Safety in the acute‑infection cohort mirrored the established chronic‑HCV profile. The most common adverse reactions were fatigue (3%), asthenia (2%), headache (2%), and diarrhea (2%). No serious adverse reactions or discontinuations due to adverse events were reported in the study population. Label cautions include contraindications in severe hepatic impairment (Child‑Pugh C) and warnings on hepatitis B reactivation, with guidance to screen and monitor HBV before and during therapy.

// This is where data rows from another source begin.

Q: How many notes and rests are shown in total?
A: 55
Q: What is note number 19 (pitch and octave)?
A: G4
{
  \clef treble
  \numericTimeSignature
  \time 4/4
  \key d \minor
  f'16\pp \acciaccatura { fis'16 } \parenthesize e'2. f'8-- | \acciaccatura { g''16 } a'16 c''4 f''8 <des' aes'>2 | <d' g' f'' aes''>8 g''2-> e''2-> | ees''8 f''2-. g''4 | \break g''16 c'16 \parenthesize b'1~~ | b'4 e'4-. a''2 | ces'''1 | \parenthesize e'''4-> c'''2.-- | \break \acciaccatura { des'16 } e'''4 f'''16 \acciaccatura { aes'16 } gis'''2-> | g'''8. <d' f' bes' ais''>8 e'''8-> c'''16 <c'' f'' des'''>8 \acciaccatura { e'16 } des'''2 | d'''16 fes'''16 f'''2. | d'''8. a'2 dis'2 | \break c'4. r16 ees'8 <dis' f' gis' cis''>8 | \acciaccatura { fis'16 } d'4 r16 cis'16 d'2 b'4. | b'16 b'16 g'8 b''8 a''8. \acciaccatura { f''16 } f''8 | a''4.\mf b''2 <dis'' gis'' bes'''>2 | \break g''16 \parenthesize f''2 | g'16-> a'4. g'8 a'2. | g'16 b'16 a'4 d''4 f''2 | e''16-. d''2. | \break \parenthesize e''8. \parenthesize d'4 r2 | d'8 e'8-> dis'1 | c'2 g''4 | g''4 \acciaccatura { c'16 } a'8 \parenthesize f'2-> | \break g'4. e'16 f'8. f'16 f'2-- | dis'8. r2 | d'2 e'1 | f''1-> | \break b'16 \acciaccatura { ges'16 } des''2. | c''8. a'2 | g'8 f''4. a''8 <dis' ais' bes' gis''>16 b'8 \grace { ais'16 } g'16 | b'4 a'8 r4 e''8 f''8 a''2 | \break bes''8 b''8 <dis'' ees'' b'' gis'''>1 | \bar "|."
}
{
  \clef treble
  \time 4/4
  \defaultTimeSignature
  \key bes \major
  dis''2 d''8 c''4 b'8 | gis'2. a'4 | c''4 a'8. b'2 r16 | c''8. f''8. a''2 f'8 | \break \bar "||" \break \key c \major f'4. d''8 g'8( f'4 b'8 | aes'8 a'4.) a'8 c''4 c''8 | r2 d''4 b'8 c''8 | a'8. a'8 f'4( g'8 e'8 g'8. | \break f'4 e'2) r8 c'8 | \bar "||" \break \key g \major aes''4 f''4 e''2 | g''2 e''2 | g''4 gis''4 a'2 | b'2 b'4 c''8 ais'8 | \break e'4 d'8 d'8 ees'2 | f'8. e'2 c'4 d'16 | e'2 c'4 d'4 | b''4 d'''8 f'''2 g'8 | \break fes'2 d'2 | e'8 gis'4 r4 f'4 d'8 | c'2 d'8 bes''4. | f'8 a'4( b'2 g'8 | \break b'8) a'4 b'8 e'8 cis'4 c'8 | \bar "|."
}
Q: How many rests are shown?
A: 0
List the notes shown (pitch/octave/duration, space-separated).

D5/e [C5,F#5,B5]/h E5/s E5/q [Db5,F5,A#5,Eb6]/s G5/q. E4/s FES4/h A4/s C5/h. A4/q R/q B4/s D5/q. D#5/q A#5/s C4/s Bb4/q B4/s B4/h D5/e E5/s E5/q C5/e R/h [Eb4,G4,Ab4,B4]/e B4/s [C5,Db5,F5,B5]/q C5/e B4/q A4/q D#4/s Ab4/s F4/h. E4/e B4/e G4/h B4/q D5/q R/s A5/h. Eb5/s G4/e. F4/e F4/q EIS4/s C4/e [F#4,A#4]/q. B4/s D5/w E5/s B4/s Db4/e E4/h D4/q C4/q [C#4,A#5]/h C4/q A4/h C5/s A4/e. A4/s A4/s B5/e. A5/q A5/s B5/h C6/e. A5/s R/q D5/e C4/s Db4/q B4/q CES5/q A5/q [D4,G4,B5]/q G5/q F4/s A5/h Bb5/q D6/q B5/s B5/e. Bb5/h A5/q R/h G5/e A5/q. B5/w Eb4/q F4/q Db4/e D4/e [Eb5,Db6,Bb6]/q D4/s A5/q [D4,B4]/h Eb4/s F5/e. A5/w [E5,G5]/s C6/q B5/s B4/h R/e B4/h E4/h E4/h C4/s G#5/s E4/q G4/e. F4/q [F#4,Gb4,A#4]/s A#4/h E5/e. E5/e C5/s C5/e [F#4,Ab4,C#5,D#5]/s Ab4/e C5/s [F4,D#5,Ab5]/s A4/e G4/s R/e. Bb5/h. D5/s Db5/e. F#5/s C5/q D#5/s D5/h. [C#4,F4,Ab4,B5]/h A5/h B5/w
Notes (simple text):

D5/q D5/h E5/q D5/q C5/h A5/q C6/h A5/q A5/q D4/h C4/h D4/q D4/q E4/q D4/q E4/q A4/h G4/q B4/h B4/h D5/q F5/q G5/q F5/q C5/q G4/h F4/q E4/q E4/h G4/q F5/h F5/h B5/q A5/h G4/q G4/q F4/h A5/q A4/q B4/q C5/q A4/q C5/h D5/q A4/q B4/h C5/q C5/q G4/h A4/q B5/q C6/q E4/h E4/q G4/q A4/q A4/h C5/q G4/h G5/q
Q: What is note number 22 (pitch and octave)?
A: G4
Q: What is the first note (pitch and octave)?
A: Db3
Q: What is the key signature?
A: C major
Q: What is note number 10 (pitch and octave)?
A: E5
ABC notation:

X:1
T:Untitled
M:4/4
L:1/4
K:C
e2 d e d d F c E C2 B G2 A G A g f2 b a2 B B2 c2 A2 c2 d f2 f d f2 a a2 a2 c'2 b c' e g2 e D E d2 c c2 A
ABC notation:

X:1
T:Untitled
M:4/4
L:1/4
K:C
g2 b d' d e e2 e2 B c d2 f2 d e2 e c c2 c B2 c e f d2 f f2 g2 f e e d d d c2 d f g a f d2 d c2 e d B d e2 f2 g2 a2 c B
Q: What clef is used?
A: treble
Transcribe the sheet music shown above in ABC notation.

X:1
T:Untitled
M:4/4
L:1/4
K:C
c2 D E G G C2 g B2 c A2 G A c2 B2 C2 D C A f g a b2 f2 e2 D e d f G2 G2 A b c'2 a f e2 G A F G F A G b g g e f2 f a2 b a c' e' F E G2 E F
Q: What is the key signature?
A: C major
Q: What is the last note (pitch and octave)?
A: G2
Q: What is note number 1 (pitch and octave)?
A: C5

Clinically, the CHMP opinion supports earlier intervention for a frequently asymptomatic phase of HCV, aiming to reduce onward transmission and long‑term liver complications by enabling rapid linkage to care and an eight‑week oral regimen. For patients, the recommendation promises a short, ribavirin‑free, once‑daily option already approved in multiple jurisdictions, potentially simplifying care pathways and reducing loss to follow‑up.
Commercially, expanding MAVIRET into acute HCV broadens AbbVie’s addressable market and aligns with global elimination strategies; the product is already approved for acute and chronic HCV in several countries, and CHMP backing could accelerate EU uptake and reimbursement discussions. AbbVie signalled ongoing regulatory engagement to secure access across regions and highlighted the public‑health rationale for earlier diagnosis and treatment.